Editor’s note: This week marks one year since the Harding Project’s launch. Backed by senior Army leaders, the project aims to revitalize professional military discourse in the Army. To mark the occasion, MWI will feature several articles and other publications this week that highlight the project, its significance, and its accomplishments over its first year. Also to mark the project’s one-year anniversary, a special issue of Military Review was published and is available online, focused entirely on the Harding Project and serving as a how-to guide for the Army’s men and women to join us and begin writing.
The rancher was dead. Lieutenant John Heard had answered two shots with one.
The United States’ 1880s policy of curbing illegal sheep grazing made Heard an unpopular man. Posted as the acting commander of the garrison at Fort Thomas, Arizona, he was especially unpopular with one (now dead) rancher.
The ambush took place during the day.

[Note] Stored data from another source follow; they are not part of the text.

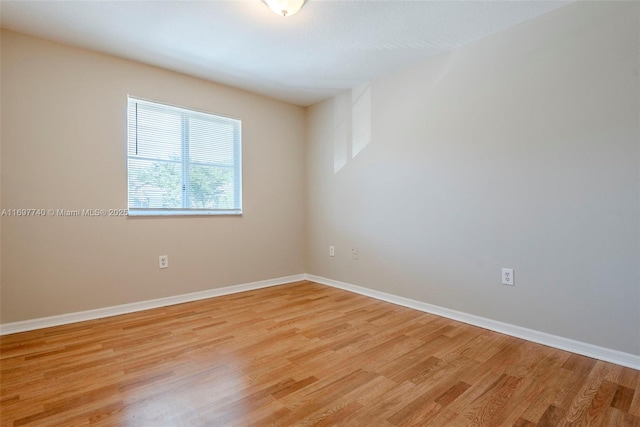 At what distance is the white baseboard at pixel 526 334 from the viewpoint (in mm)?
1899

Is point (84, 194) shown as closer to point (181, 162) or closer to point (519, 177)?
point (181, 162)

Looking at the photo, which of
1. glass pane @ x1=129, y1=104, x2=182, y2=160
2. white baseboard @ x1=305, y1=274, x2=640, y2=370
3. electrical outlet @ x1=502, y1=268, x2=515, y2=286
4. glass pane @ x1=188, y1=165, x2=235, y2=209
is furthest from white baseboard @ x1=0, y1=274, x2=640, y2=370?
glass pane @ x1=129, y1=104, x2=182, y2=160

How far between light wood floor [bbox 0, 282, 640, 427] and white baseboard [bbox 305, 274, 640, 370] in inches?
2.9

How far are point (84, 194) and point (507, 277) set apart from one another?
3457 mm

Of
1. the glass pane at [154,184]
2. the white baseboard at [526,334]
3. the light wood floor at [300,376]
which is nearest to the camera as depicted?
the light wood floor at [300,376]

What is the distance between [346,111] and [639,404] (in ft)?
10.6

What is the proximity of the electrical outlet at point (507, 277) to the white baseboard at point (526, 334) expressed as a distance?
1.02 ft

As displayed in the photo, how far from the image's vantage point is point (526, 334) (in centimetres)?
227

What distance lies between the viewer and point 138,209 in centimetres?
294

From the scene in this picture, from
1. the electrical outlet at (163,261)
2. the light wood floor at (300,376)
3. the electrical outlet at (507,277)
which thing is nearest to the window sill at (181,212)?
the electrical outlet at (163,261)

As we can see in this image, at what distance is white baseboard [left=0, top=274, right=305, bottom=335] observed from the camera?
2408mm

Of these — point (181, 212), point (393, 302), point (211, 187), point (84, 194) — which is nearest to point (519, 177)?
point (393, 302)

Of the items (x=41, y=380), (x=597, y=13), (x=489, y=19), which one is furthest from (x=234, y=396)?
(x=597, y=13)

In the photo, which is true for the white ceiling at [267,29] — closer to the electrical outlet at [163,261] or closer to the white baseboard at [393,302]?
the electrical outlet at [163,261] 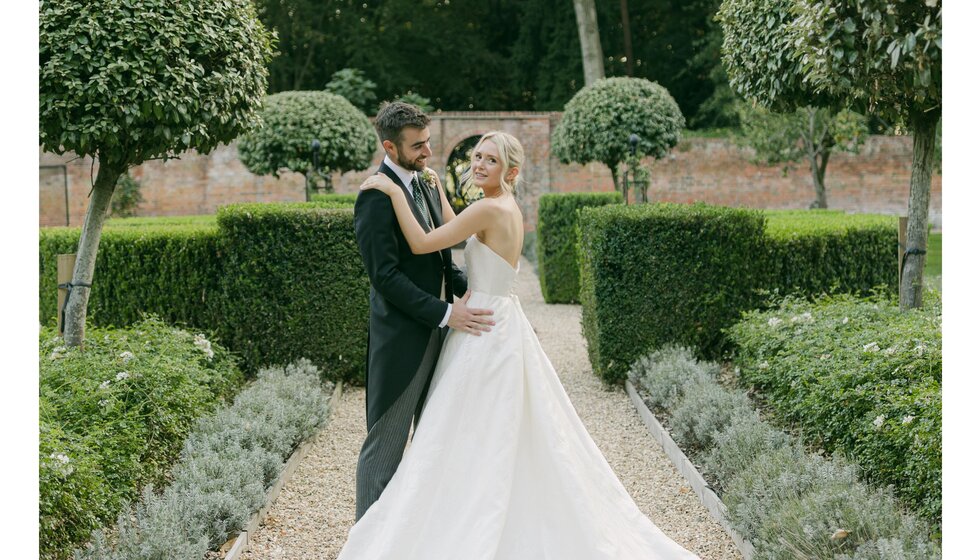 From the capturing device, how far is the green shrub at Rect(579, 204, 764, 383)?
7078 mm

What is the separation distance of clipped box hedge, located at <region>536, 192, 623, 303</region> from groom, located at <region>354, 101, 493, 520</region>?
8873 mm

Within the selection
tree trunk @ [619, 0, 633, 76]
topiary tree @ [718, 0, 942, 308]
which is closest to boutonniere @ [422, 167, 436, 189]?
topiary tree @ [718, 0, 942, 308]

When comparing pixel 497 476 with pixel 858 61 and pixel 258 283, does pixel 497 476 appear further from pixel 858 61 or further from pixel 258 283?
pixel 258 283

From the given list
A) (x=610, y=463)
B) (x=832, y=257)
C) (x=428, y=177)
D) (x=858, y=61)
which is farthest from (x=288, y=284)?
(x=832, y=257)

As Heard boarded a train, two shots rang out. A passerby handed his revolver to the unarmed Heard. Pistol in hand, Heard dispatched the assassin. A court acquitted him, and—having made enemies among the locals—the Army transferred him to a new post.
Stories like Lieutenant Heard’s are nearly lost. Fortunately, soldiers like Forrest Harding and Joseph Greene preserved these stories and thought hard about the future of warfare as they renewed professional writing in outlets like the Infantry Journal in the 1930s. As I looked into our professional writing landscape today, I came across the above story in the Infantry Journal Reader.
Published in 1943, Infantry Journal Reader provides an opportunity to consider the challenges the Army—and its units and individuals—faced in the past, but at the same time a uniquely valuable chance to think about the challenges of today’s armies from a new vantage point—and what renewed professional military discourse might look like today.
The Reader
The Infantry Journal Reader is the product of a renewal in military writing. At a low point in the early 1930s, with about four thousand subscribers, Major Forrest Harding renewed the Infantry Journal into a world-class military outlet. Colonel Joseph Greene, the Infantry Journal Reader’s editor, then built on Harding’s work. He shepherded the Infantry Journal through World War II and published the Reader.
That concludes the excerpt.